(Brief descriptive captions)

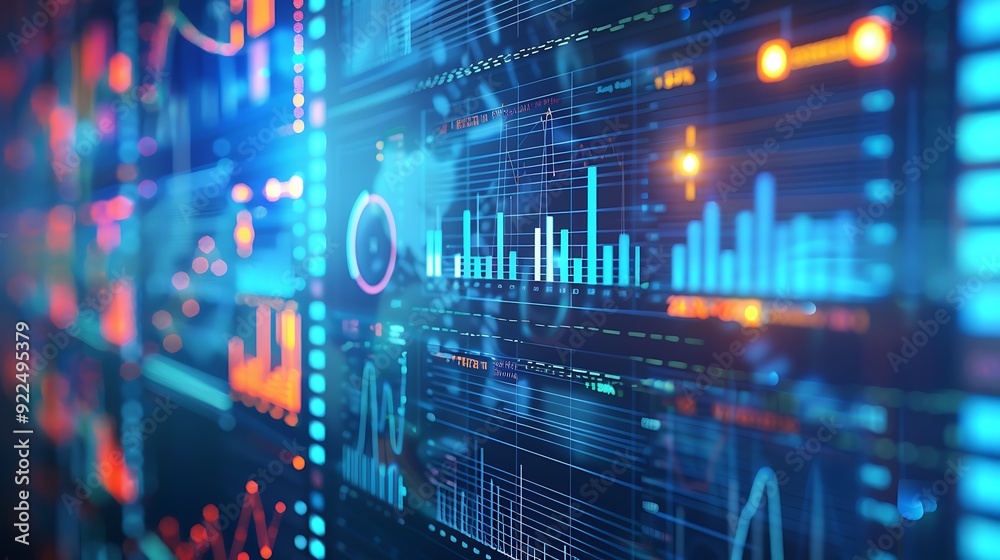 Abstract Data Visualization with Blue and Red Charts Abstract Data Visualization with Blue and Red Charts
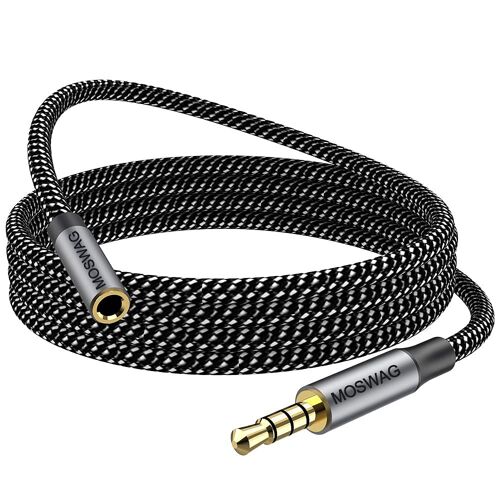 Rallonge Jack Audio 3.5 mm 4 Pôles pour Casque Micro, Nylon Tressé Jack Mâle vers Femelle Câble Extension Audio Stéréo Compatible avec Écouteur Gamer Switch Manette PS5 PC Portable(5M)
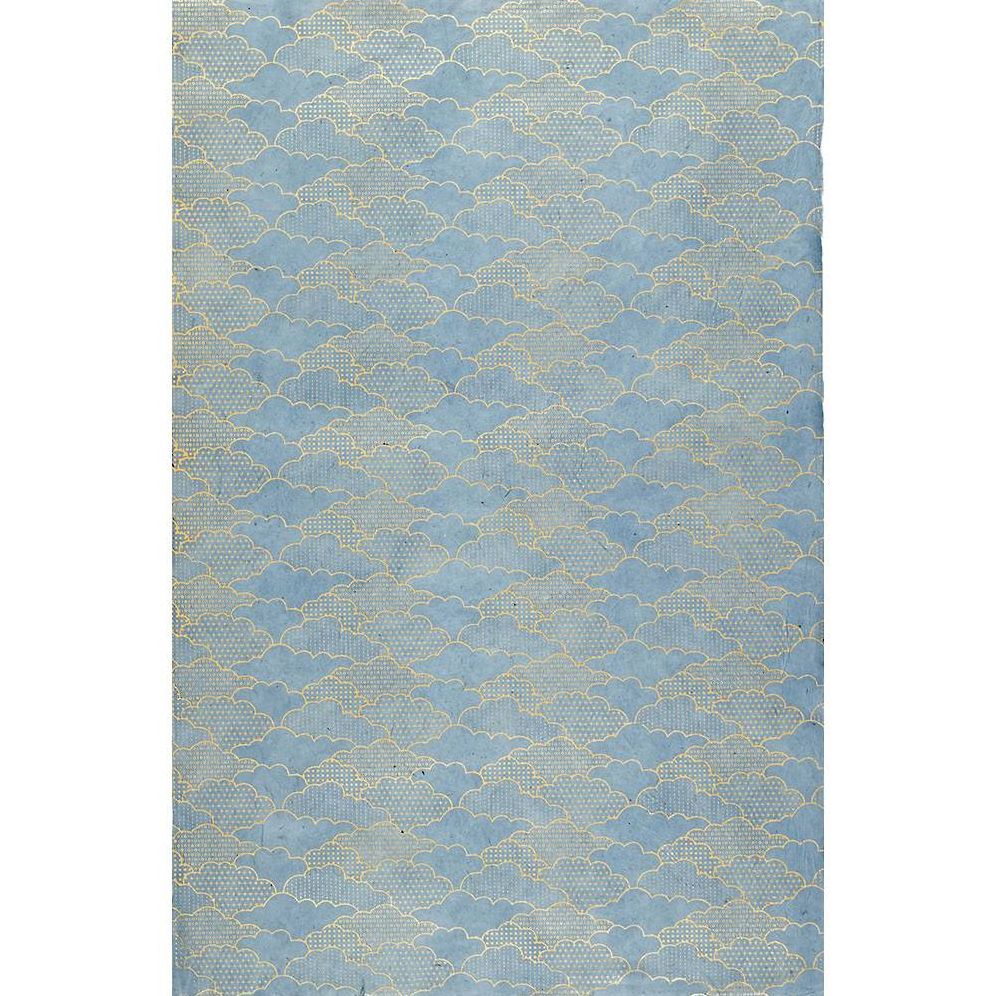 Gold Clouds on Soft Blue Handmade Paper - Image 2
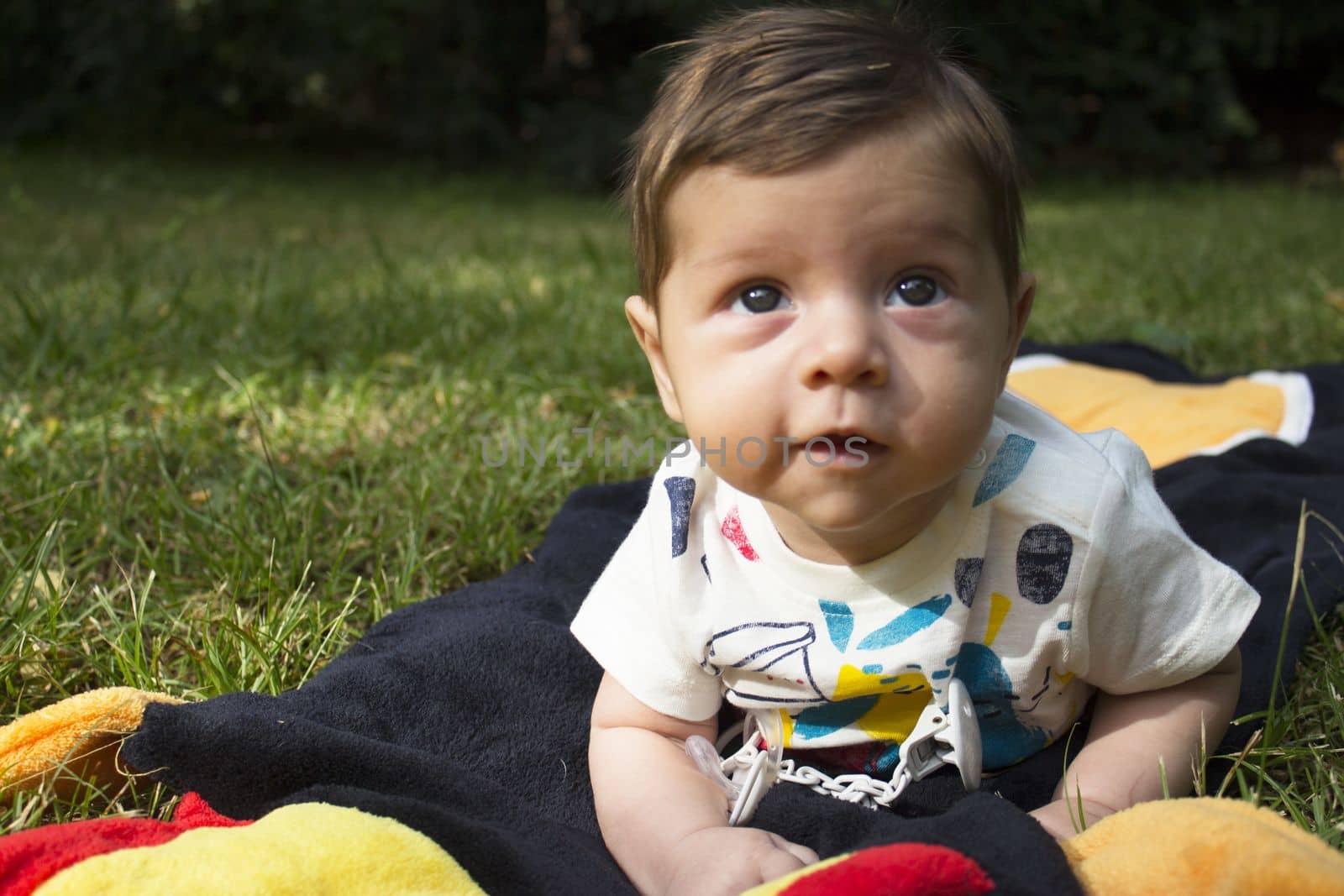 Two month old baby with head up on a towel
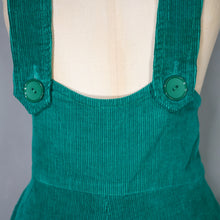Load image into Gallery viewer, 70s GREEN CORDUROY PINAFORE / DUNGAREE CULOTTE WIDE LEG TROUSERS - XS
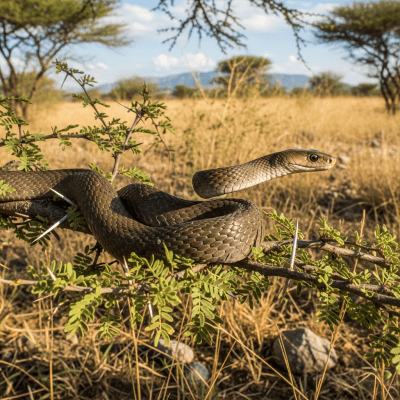 A detailed image of a Black Mamba (reptiles) in its typical natural habitat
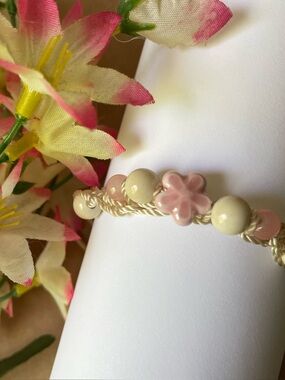 Handcrafted Pink & Cream Flower Adjustable Bracelet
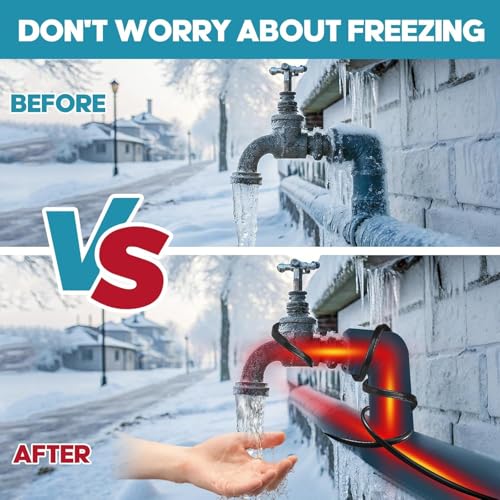 3FT-160FT Heat Tape for Water Pipes,Heating Cable for Pipe (6FT) | Freeze Protection,Water Pipe Insulation/Roof Snow De-Icing,Deicing Heating Cable - style: 6FT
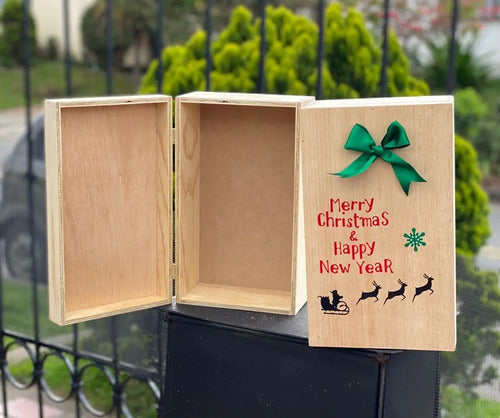 Caja De Madera Para Regalo Ancheta Navidad 35 X 21 X 14 Cm Madera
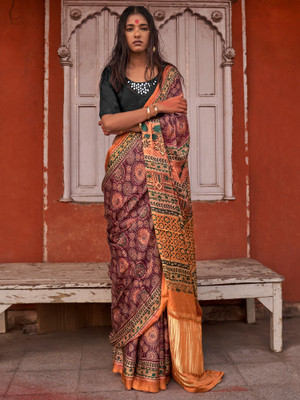 Sareemall Printed Daily Wear Viscose Rayon Saree(Magenta)
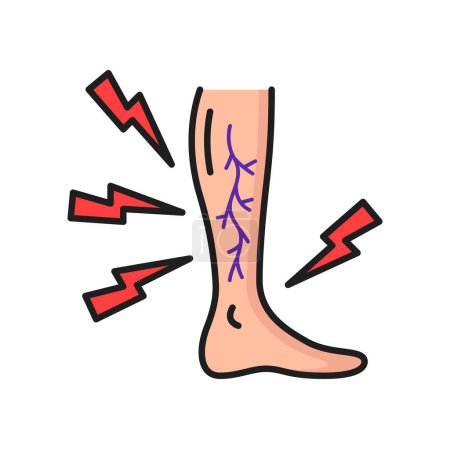 Illustration for Swelling pain in legs, varicose veins outline icon. Vector abnormal blood pressure, weak valves, thunder as pains sign. Vascular disease diagnostic and treatment - Royalty Free Image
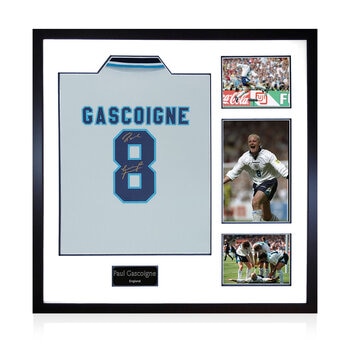 Paul Gascoigne Signed England Shirt, including 3 Photos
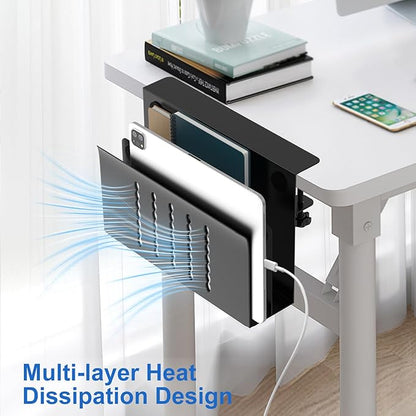 HAMOPY Desk Side Storage, 2 Tier Steel Hanging Desk Organizer - Image 5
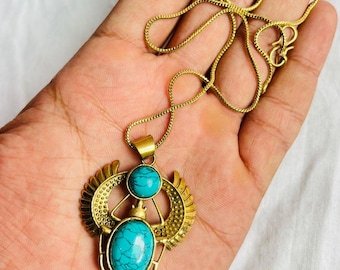 ターコイズスカラベネックレス：14Kゴールドヴェルメイユスターリング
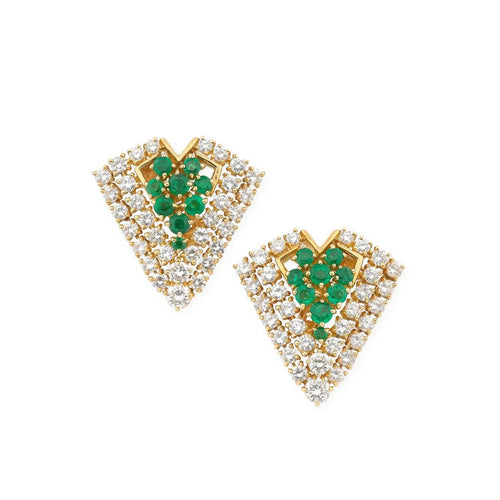 Boucles d'oreilles Piaget - Parure collier et boucles d'oreilles en or jaune, émeraudes et diamants 58 Facettes pi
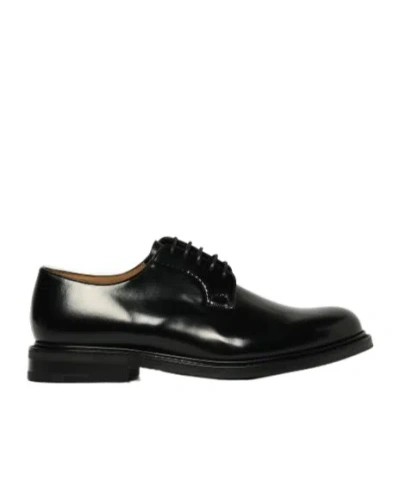 Church's Polished Black Leather Derby Shoes With Rounded Toe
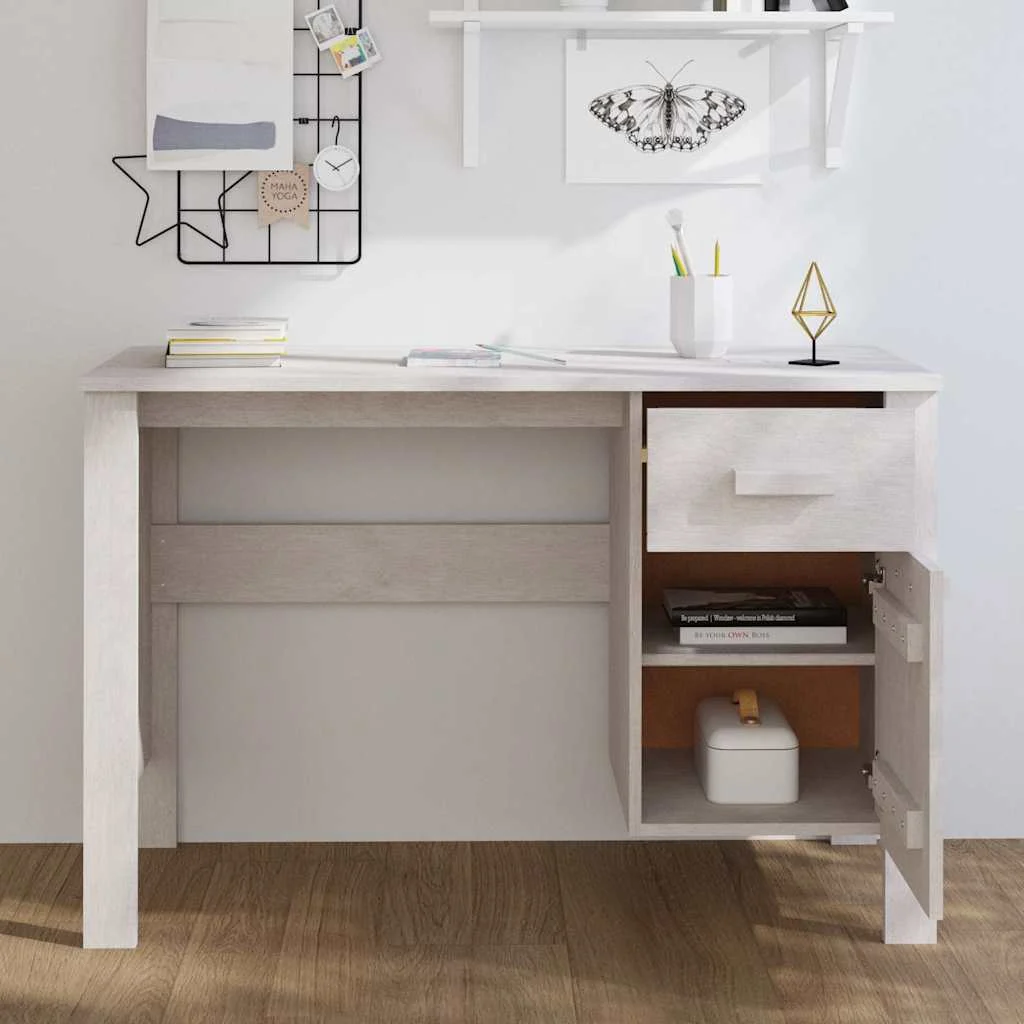 Bureau 113 x 50 x 75 cm blanc bois massif – vue de détail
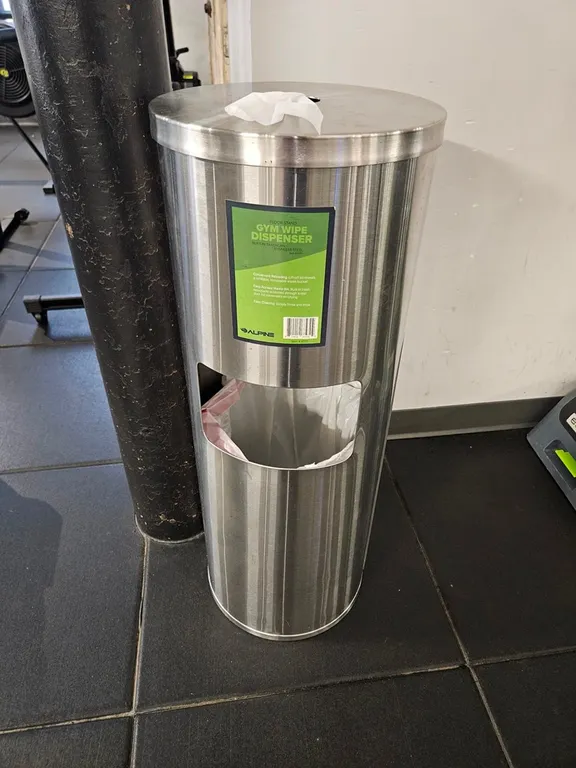 2 Alpine SS Gym Wipe Dispensers/Trash Cans, 36" Tall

* WHAT TO PRODUCE
Make an exact copy of the data above, pictures excluded.

* RESULT
 Abstract Data Visualization with Blue and Red Charts Abstract Data Visualization with Blue and Red Charts
 Rallonge Jack Audio 3.5 mm 4 Pôles pour Casque Micro, Nylon Tressé Jack Mâle vers Femelle Câble Extension Audio Stéréo Compatible avec Écouteur Gamer Switch Manette PS5 PC Portable(5M)
 Gold Clouds on Soft Blue Handmade Paper - Image 2
 Two month old baby with head up on a towel
Load image into Gallery viewer, 70s GREEN CORDUROY PINAFORE / DUNGAREE CULOTTE WIDE LEG TROUSERS - XS
 A detailed image of a Black Mamba (reptiles) in its typical natural habitat
 Handcrafted Pink & Cream Flower Adjustable Bracelet
 3FT-160FT Heat Tape for Water Pipes,Heating Cable for Pipe (6FT) | Freeze Protection,Water Pipe Insulation/Roof Snow De-Icing,Deicing Heating Cable - style: 6FT
 Caja De Madera Para Regalo Ancheta Navidad 35 X 21 X 14 Cm Madera
 Sareemall Printed Daily Wear Viscose Rayon Saree(Magenta)
 Illustration for Swelling pain in legs, varicose veins outline icon. Vector abnormal blood pressure, weak valves, thunder as pains sign. Vascular disease diagnostic and treatment - Royalty Free Image
 Paul Gascoigne Signed England Shirt, including 3 Photos
 HAMOPY Desk Side Storage, 2 Tier Steel Hanging Desk Organizer - Image 5
 ターコイズスカラベネックレス：14Kゴールドヴェルメイユスターリング
 Boucles d'oreilles Piaget - Parure collier et boucles d'oreilles en or jaune, émeraudes et diamants 58 Facettes pi
 Church's Polished Black Leather Derby Shoes With Rounded Toe
 Bureau 113 x 50 x 75 cm blanc bois massif – vue de détail
 2 Alpine SS Gym Wipe Dispensers/Trash Cans, 36" Tall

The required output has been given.